As the health sector continues to rely on health professionals from overseas, we set out to explore what working in such a diverse workforce means for daily interactions in the workplace. For the Work-Int project, we’ve conducted almost 40 interviews with British and overseas health professionals about their daily experiences. This post explores some of the emerging findings of the research.
It’s worth pointing out at the outset that the group of doctors and nurses that we spoke to was an extremely diverse group. It included thirteen different nationalities and people in a range of different occupations, from consultant down to healthcare assistant, reflecting the fact that overseas workers are to be found in almost all levels of the health service. As you would expect, this diverse group of individuals come from different backgrounds, had different reasons for coming to the UK and different expectations on arrival. Nevertheless, some broad trends do appear and can be instrumental in helping us reflect on how we ensure that people coming to work in the British health sector are welcomed and integrated.
Unsurprisingly, one of the key elements to have a major impact on a person’s integration was the level of immigration restrictions associated with the region they had come from. In many cases this had an effect on the sort of post they ended up in. The most significant difference was found between those who had come from an EU country and those who had come from elsewhere. EU workers benefitted doubly: from free movement of labour within the EU, but also from the automatic recognition of their qualifications and the fact that they did not have to pass an English test. For those from other parts of the world, gaining the right to enter and work in the UK was more complicated. Getting registration with the General Medical Council (for doctors) or the Nursing and Midwifery Council (for nurses and midwives) was usually a more complicated process, with a significant amount of paperwork and delay involved. This has typically meant that nurses who have trained overseas have to undergo a six month adaptation period – whilst working at a level below their qualification (although the rules on this have recently changed). For doctors, immigration restrictions and the design of UK medical career pathways often resulted in doctors initially having to take up a position at a lower level or a position with fewer associated training benefits. Whilst deskilling of this type may be justifiable for a short period in order to allow people to adapt to a new system, we must ensure that people are able to progress to better positions without much delay.

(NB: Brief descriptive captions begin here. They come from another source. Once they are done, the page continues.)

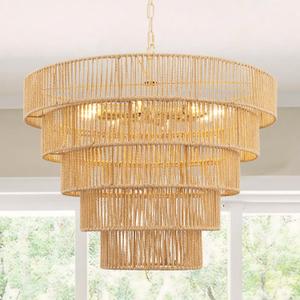 DORESshop 8-Light Boho Rattan Chandelier for Dining Room, 5-Tier Hand-Woven Brown Farmhouse Chandelier, Adjustable Height, Wicker Rattan for Dining Room, Kitchen Island, Living Room, 25.6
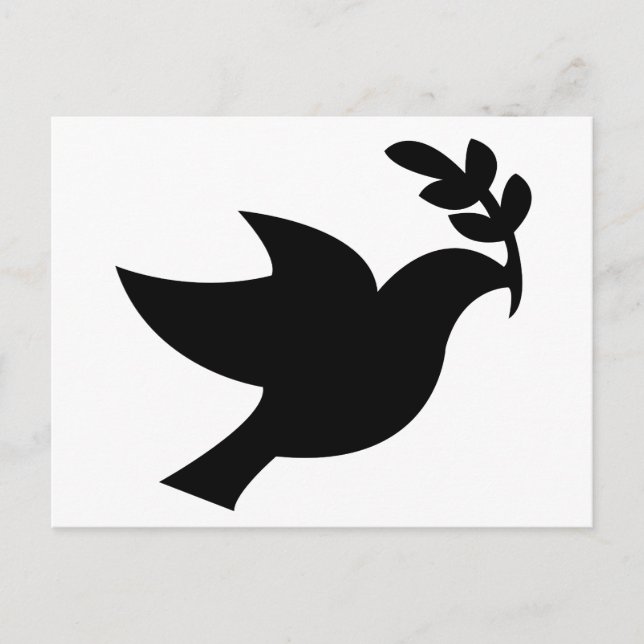 Peace Dove Silhouette Black Postkarte (Vorderseite)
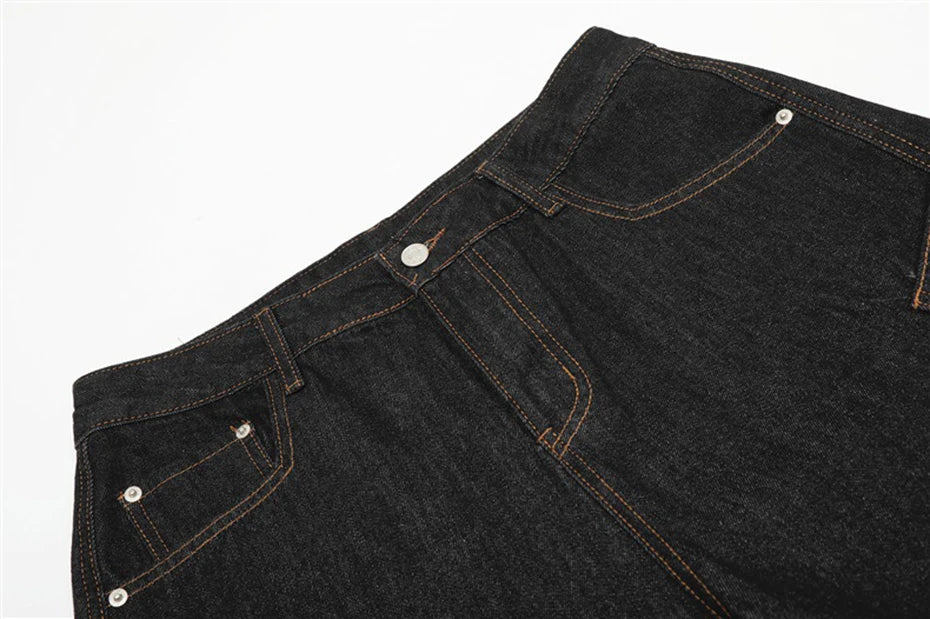 Wide Leg Baggy Jeans Side Pocket Loose Denim Pants Men Streetwear Harajuku Hip Hop Jeans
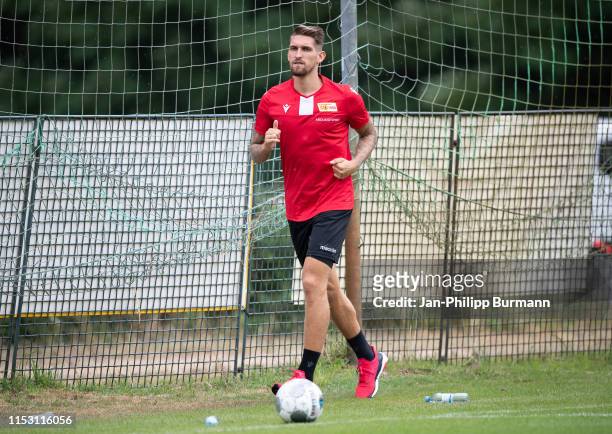 Robert Andrich of 1.FC Union Berlin during the sports training camp at Waldstadion on July 1, 2019 in Bad Saarow, Germany.
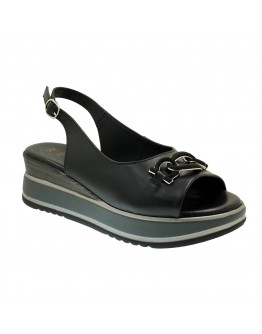 La Repo Δερμάτινες Πλατφόρμες Μαύρες 19213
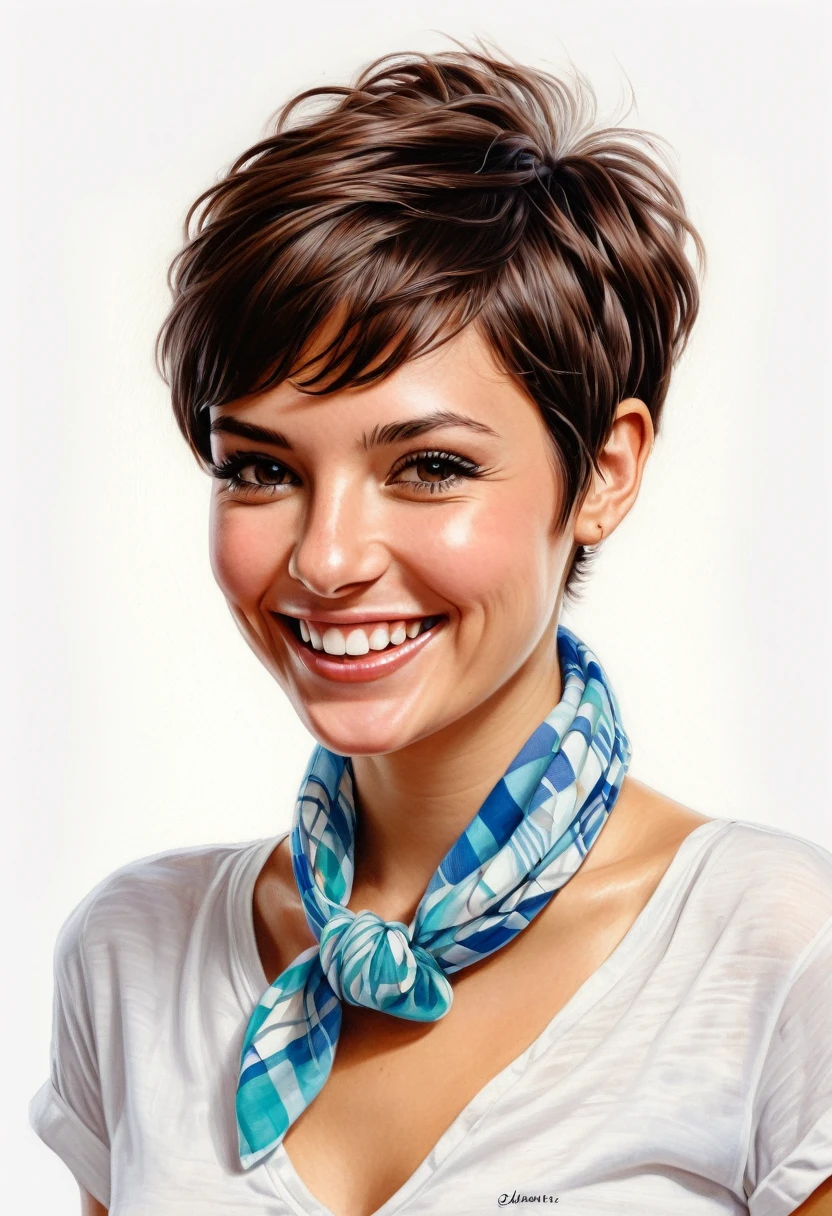 crea una mujer sonriendo de pelo corto pixie, with shirt and neckerchief masterpiece, estilo ilustracion de Ali Erturk, alto detalle, hiperrealista, luz natural,ilustracion , colores llamativos fondo de mariposas
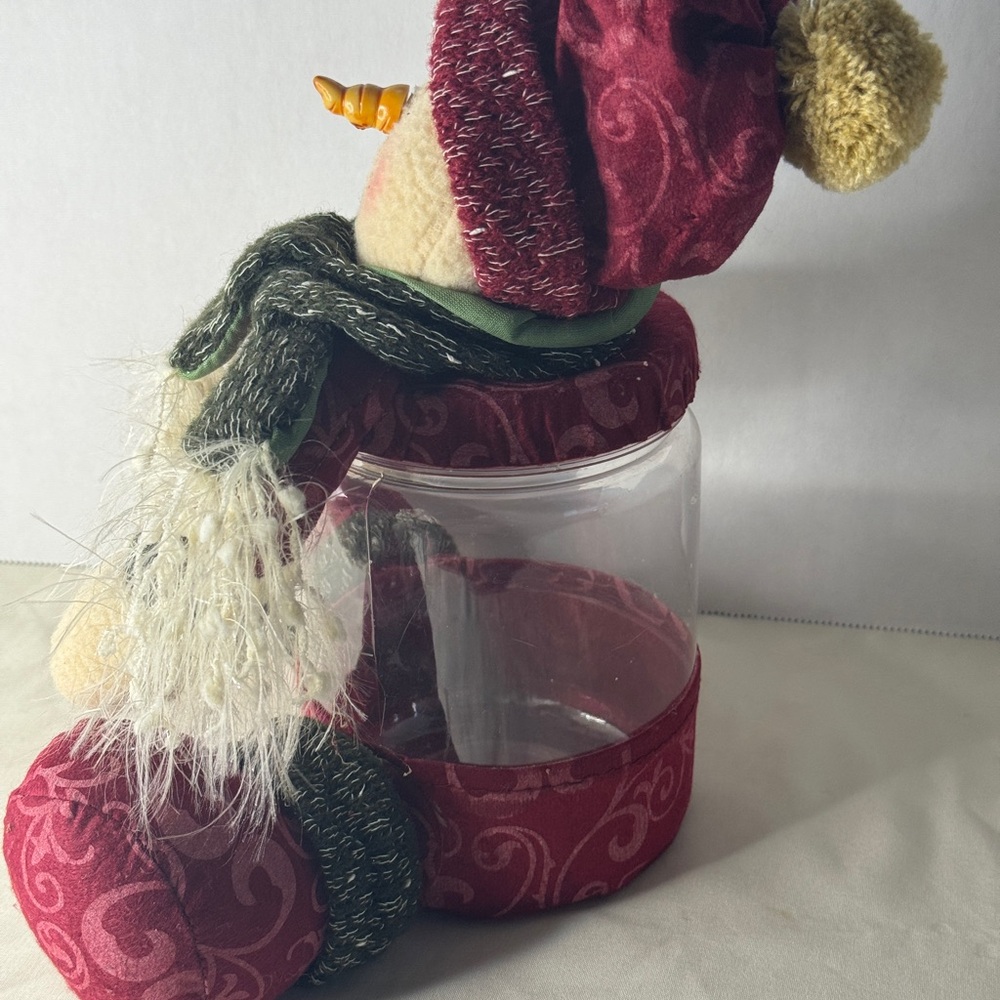 Snowman Candy Jar Christmas Plush Container Red Green Holiday Decor‎ Cute Gift - Picture 2 of 6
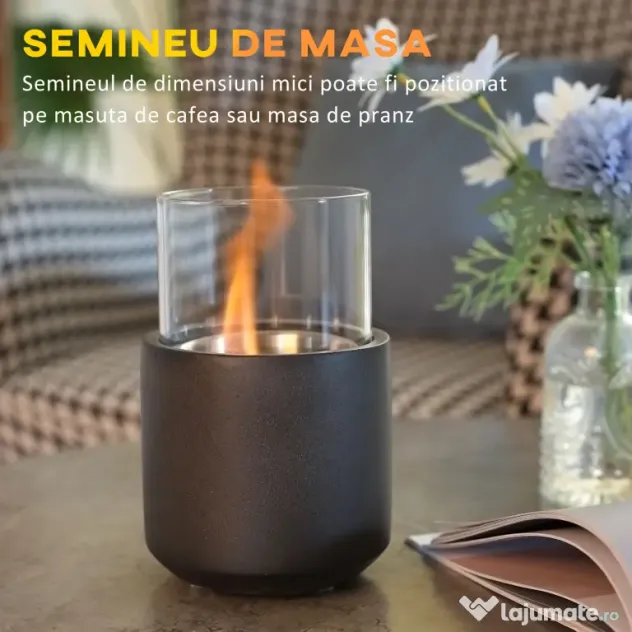 Homcom semineu Masa – Mini Bol Foc Beton cu Etanol, Gri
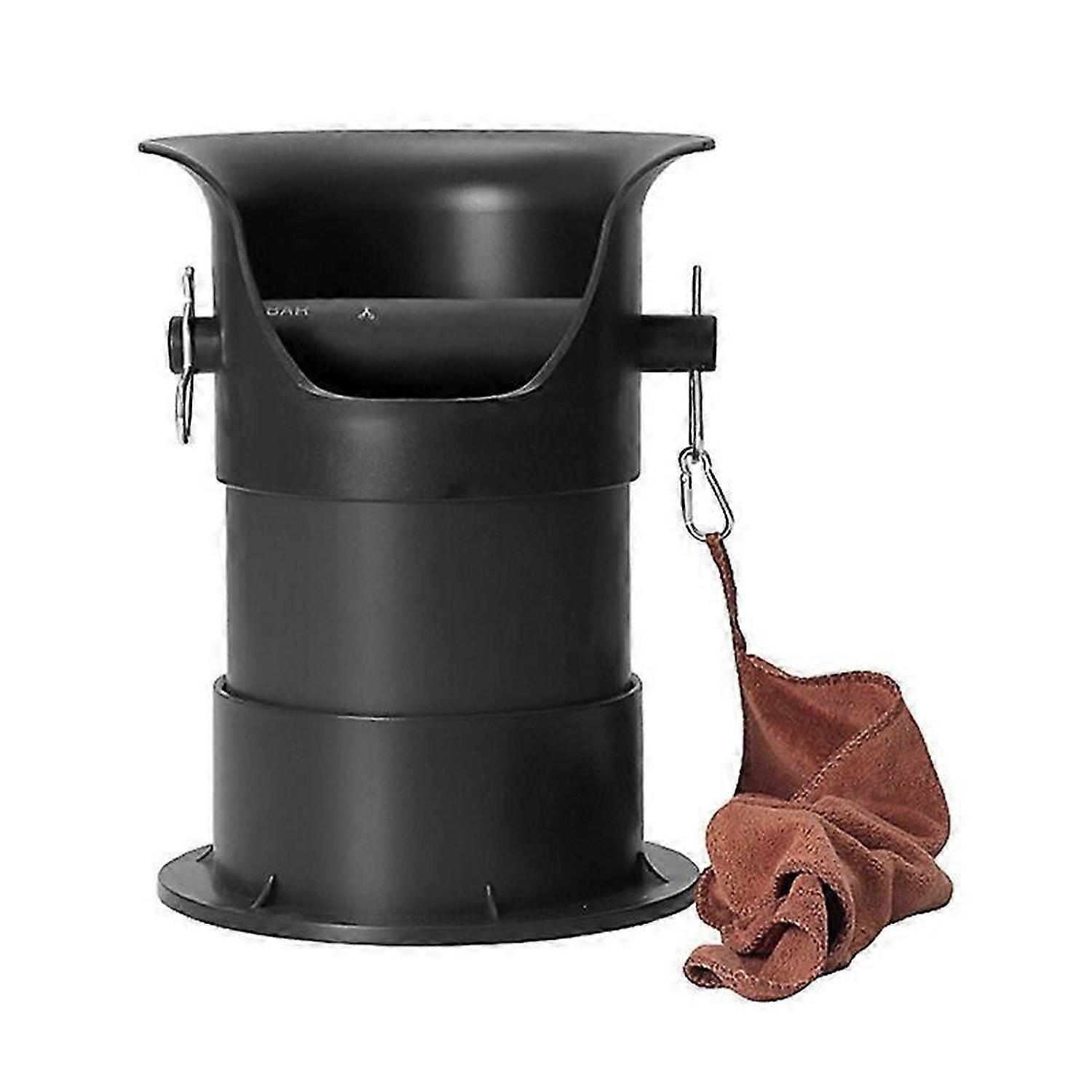 Knock Box for Espresso Grounds with Removable Non-Slip Base, Coffee Grind Collection Dump Bin,Black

These differences in ease of access to the labour market were noticed and commented on by participants. In particular, the fact that those from outside the EU were required to pass an English test whilst those from inside the EU were not, was raised as an example of an illogical, impractical and unfair requirement. This was seen to be particularly ridiculous in cases where people from outside of the EU had done substantial parts of their training in English, or where the working language was English (such as those from Australia and India). Once again, this is an area of regulation where rules have recently changed, so all new overseas doctors will have to pass an English test. However, the difference in rules still applies to nurses.
Part of the reason the English test was highlighted to us again and again is because of the crucial role that communication plays in the health sector workplace. Whether it’s communicating complex care needs between staff, clearly communicating care plans to patients, or communicating sensitively with families and relatives, communication came out as key component of effective working and an area where overseas workers faced more challenges. However, it seemed that often this was not simply about competence in the language and so perhaps not something that can be easily measured through a test. Instead, idiomatic expressions such as ‘spend a penny’, and terminology and acronyms could present difficulties. There were also challenges around understanding different accents – both on the side of patients understanding staff, but also staff understanding patients. This was something that required patience and tolerance on both sides.
People also talked about the challenges for staff from overseas to adapt to cultural norms of communication. Often this was about manner, tone, intonation and how often to say please and thank you. These subtle norms are often hard to pin down and elucidate, but are of fundamental importance to patients’ experience. Some straightforward advice and tips from people who have lived in Britain longer can help new arrivals understand these subtle norms of behaviour more quickly.
Whilst these different elements can lead to challenges in the workplace, the overwhelming majority of our respondents were extremely positive about the contribution made by overseas workers. There were many people who said that, quite simply, the organisation would not be able to run without them. Often it was pointed out that these were highly skilled individuals who were adding value to the organisation. This was a result not only of the skills they brought, but also the new ideas and suggestions for improvement. We heard many examples of how individuals made practical suggestions implemented in their team, from infection prevention measures to educational programmes. As the British healthcare system undergoes a period of substantial change, managers and staff at all levels must stay alert to the opportunities to implement improvements, but also must recognise the contribution made by migrant health professionals.